Once she read the case, she knew they had to take it on. Because the plaintiff was male, Ginsburg knew the judges would be more receptive to the concept of gender discrimination—and the notion that it was harmful.

Fiction: Ginsburg flubbed the beginning of her first opening statement

Jonathan Wenk—Focus Features(l to r.) Armie Hammer as Marty Ginsburg, Justin Theroux as Melvin Wulf, and Felicity Jones as Ruth Bader Ginsburg.

One of the first things Ginsburg wants to clear the record on: she would never flub the opening of an oral argument. When Jones’ Ruth begins her argument for three intimidating judges on the 10th Circuit Court of Appeals, she pauses uncomfortably. “Whenever you’re ready, Ms. Ginsburg,” one judge goads.

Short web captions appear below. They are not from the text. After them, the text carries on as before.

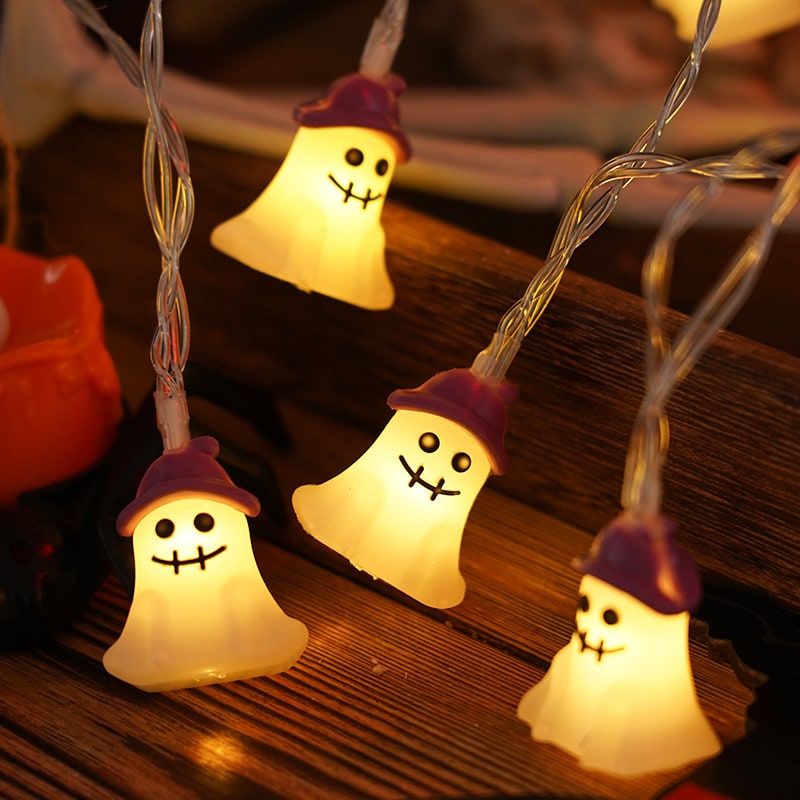 Spooky LED pumpkin string lights, battery operated for indoor & outdoor Halloween party decor.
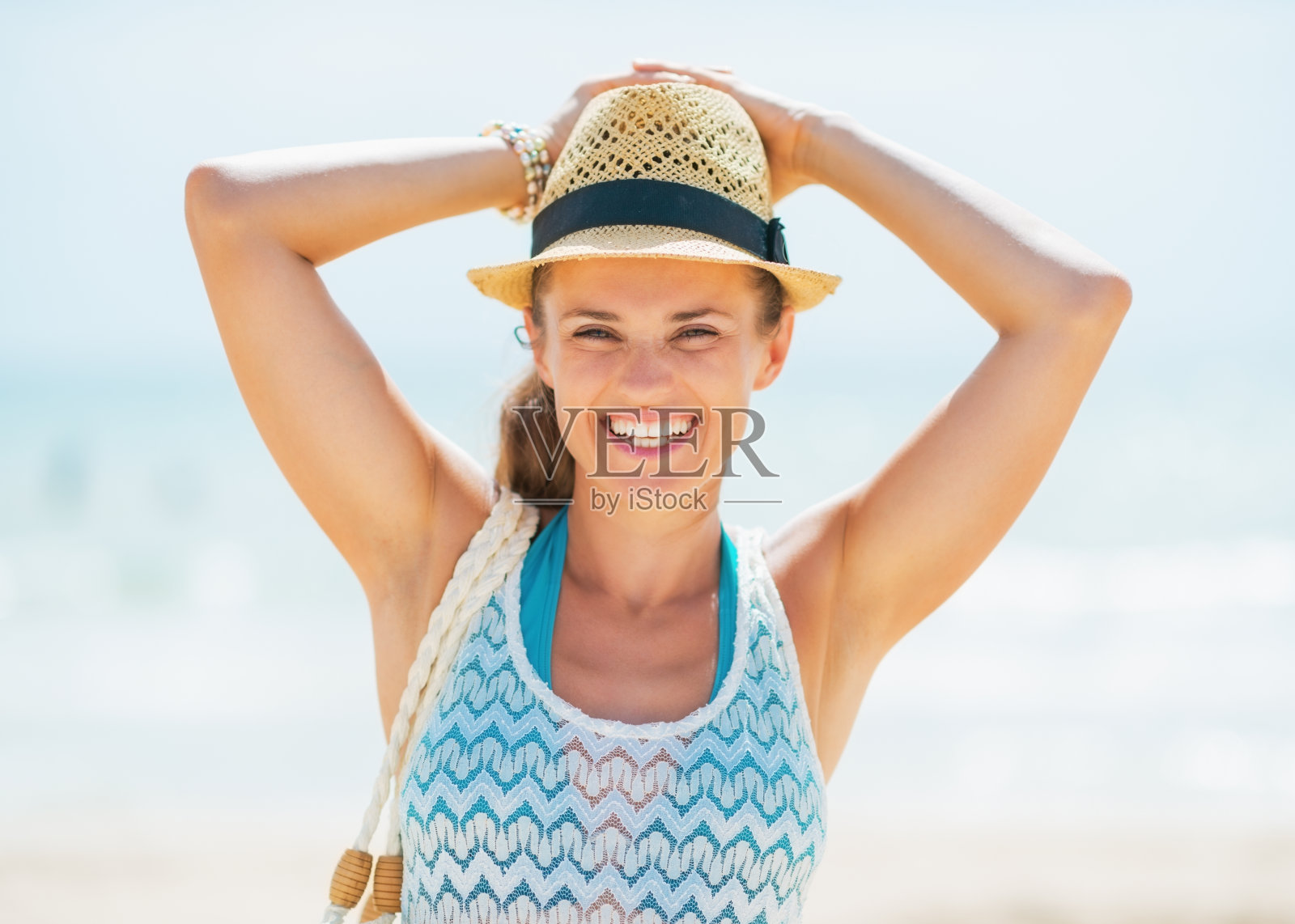 在海滩上戴着帽子微笑的年轻女子的肖像照片摄影图片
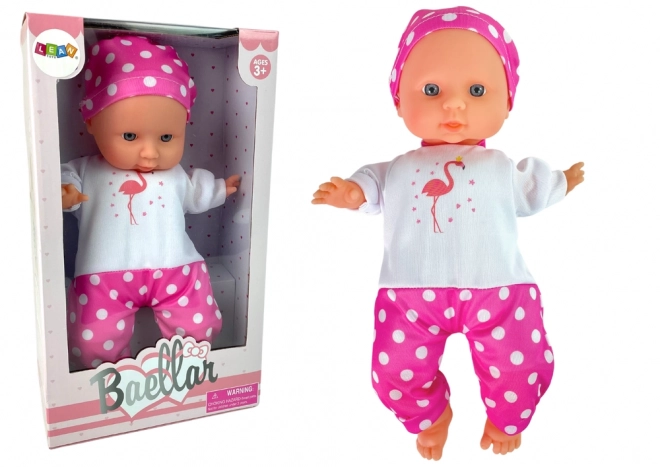 Baby-Puppe rosa Pyjama mit Punkten 30 cm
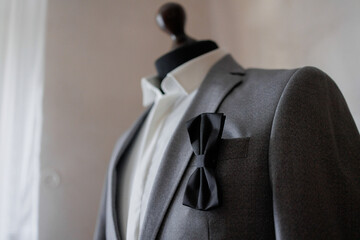 Elegant gray suit with bow tie displayed in a modern setting for formal occasions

But the real Ginsburg said this is one of the film’s moments of fiction. “I didn’t stumble,” she told Totenberg.

Fact: Ginsburg and her husband split the time when arguing Moritz v. Commissioner

The two Ginsburgs did split the time arguing this case before the judges. First, as the movie shows, Martin argued the tax aspects of the case, and then Ruth argued the gender discrimination aspects of the case.

The pair won the case. The 10th Circuit decided that the tax code was “invidious discrimination,” marking the beginning of Ginsburg’s mission to take down each and every law that discriminated on the basis of gender. (Despite the movie’s title, Ginsburg did use the word “gender” instead of “sex” in her brief for this case.)

Fact: Ginsburg was childhood friends with ACLU legal director Melvin Wulf

Jonathan Wenk—Focus FeaturesJustin Theroux as Melvin Wulf and Felicity Jones as Ruth Bader Ginsburg.

In the movie, Ruth’s childhood friendship with the legal director of the American Civil Liberties Union (ACLU), Melvin Wulf (played by Justin Theroux), is tantamount to her success in Moritz. This is true. The two attended a Jewish summer camp together, and when Ginsburg told her friend about the case she and Martin had found, he agreed that the ACLU would finance its litigation.

Fact: Moritz led to Ginsburg’s continued work with the ACLU

After winning Moritz, Ginsburg co-founded the Women’s Right’s Project at the ACLU in 1972, where she continued the fight to promote gender equality. Without Ginsburg’s work eradicating the laws that discriminate on the basis of sex, the country may not look how it does today: a country which, in spite of its problems, does have very few such laws that remain federally, according to Emily Martin, the vice president for education and workplace justice at the National Women’s Law Center. “It’s definitely the case that as a result of the work that she led, what was once really common in the law no longer is,” Martin tells TIME.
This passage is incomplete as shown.